Memory allocation inconsistency (again...)

When I run the following

struct Test
     x :: Array{Float64, 1}
     y :: Array{Float64, 1}
end

function test()
   var = Test([1, 2], [1, 2])
    @time @. var.x = var.y - var.x/var.y^2
    @time @. var.x = var.y - var.x/(var.y*var.y)
    return nothing
end

test()

I get

  0.000001 seconds (2 allocations: 16 bytes)
  0.000000 seconds

What’s the difference? Why do I get memory allocation when using var.y^2 (first calculation) but not with (var.y*var.y) (second calculation)? I’m using Julia 1.6.1, and I think I was not getting this difference in behavior in previous Julia versions (may be 1.5) (although the present code seems pretty useless, I’m actually getting something similar in an important piece of code, and I’m getting annoyed because I don’t understand what’s happening).

Please help.

1 Like

Not sure if this helps but it might be weirder

ulia> function test2()
          var = Test([1, 2], [1, 2])
           @time @. var.x =- var.x/var.y^2 + var.y
           @time @. var.x = var.y - var.x/(var.y*var.y)
           return nothing
       end
test2 (generic function with 1 method)

julia> test2()
  0.000000 seconds
  0.000000 seconds

Changing the order removes the allocation

2 Likes

It just confirms the oddity. I’ve tried in version 1.7.0-beta3 and the result is the same. However, in version 1.5.3, I get no memory allocations.

julia> 

  0.000000 seconds
  0.000000 seconds

I think this is a bug, something related to the broadcasting function or the dot macro introduced in the 1.6-version update… It’s a pity because this kind of behavior makes the language feel unreliable. :frowning:

These are most certainly benchmarking artifacts. I would suggest putting each broadcasting in a different function, returning a meaningful result, and using @btime.

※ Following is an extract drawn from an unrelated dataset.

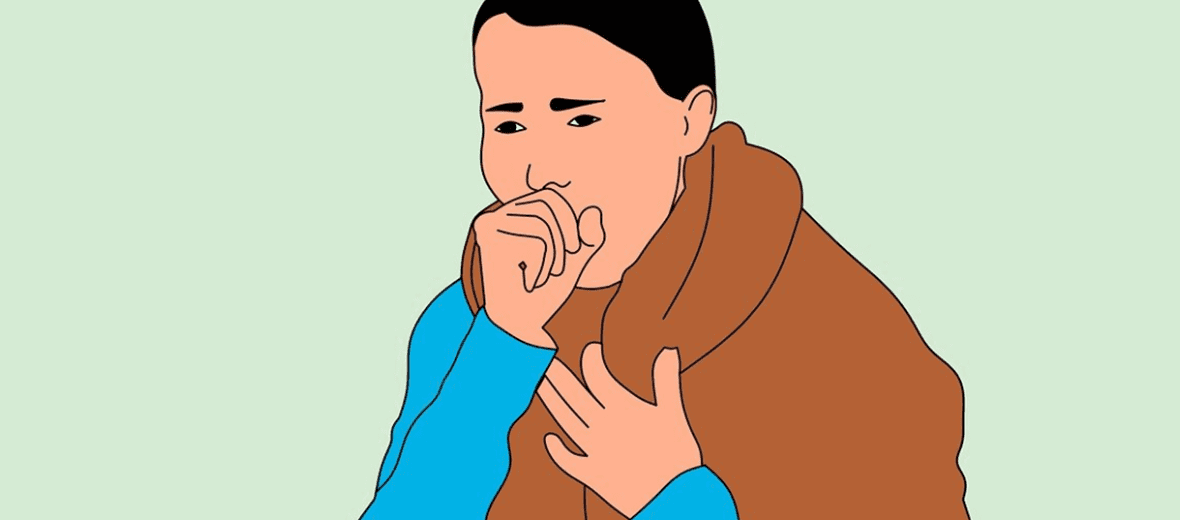 기침을 심하게 하고 있는 여성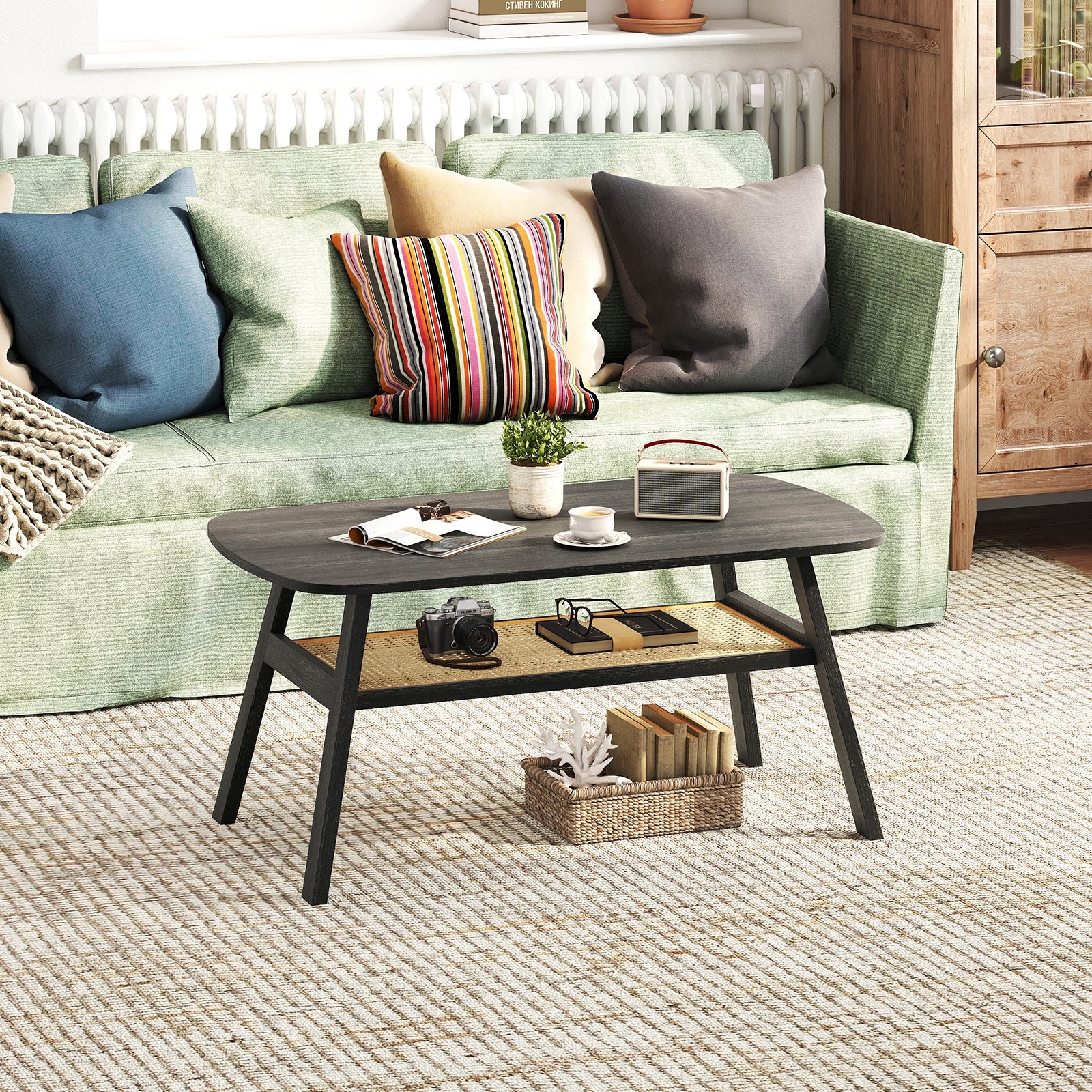 2-Tier Rectangular Center Coffee Table with Rattan Storage Shelf and Rubber Wood Legs, Dark Gray Coffee Tables at Gallery Canada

No, this is definitely some issue with broadcasting. Since 1.5 was not affected, I would recommend git bisect to find the culprit.

1 Like

The allocation is caused by the RefValue in the lower code.
I use Julia 1.6.1.
You can try the following code.

struct Test
    x :: Array{Float64, 1}
    y :: Array{Float64, 1}
end

function test1(var)
    @. var.x = var.y - var.x/var.y^2
    return nothing
 end
function test2(var)
    @. var.x = var.y - var.x/(var.y*var.y)
    return nothing
end

var = Test([1, 2], [1, 2])
# Run following code twice to exclude the allocation of compiling.
@allocated test1(var)
@allocated test2(var)

test1 allocates 16 bytes and test2 doesn’t allocate.
Check the lower code:

@code_typed test1(var)
│     %240 = Base.getfield(%239, 1, false)::Base.RefValue{typeof(^)}
│            Base.getfield(%240, :x)::typeof(^)
│     %242 = Core.getfield(%239, 2)::Base.Broadcast.Extruded{Vector{Float64}, Tuple{Bool}, Tuple{Int64}}
│     %243 = Core.getfield(%239, 3)::Base.RefValue{Val{2}}

You can see the RefValue here, it causes exactly two allocations, each 8 bytes, while:

@code_typed test2(var)

has no RefValue. And it only creates immutable values.
So I wonder what happens here?
Edit: LLVM IR of test1 has two additional jl_gc_pool_alloc while test2 has no (except on the error branch, but in this case we don’t throw errors).

2 Likes

I am just a Julia user and like the way Julia handles broadcasting. I’ve posted an issue in https://github.com/JuliaLang/julia/issues/. I hope this issue is solved. In the meantime I went back to 1.5.3…

Some even more interesting observations:
If I expand the @. manually, then the allocation is gone:

function test3(var)
    copyto!(var.x,Broadcasted(-,(var.y,Broadcasted(/,(var.x,Broadcasted(^,(var.y,2)))))))
    return nothing
end

@allocated test3(var) is zero…
Edit: the above lowering code is not exactly correct. See the following post to get the correct lowering.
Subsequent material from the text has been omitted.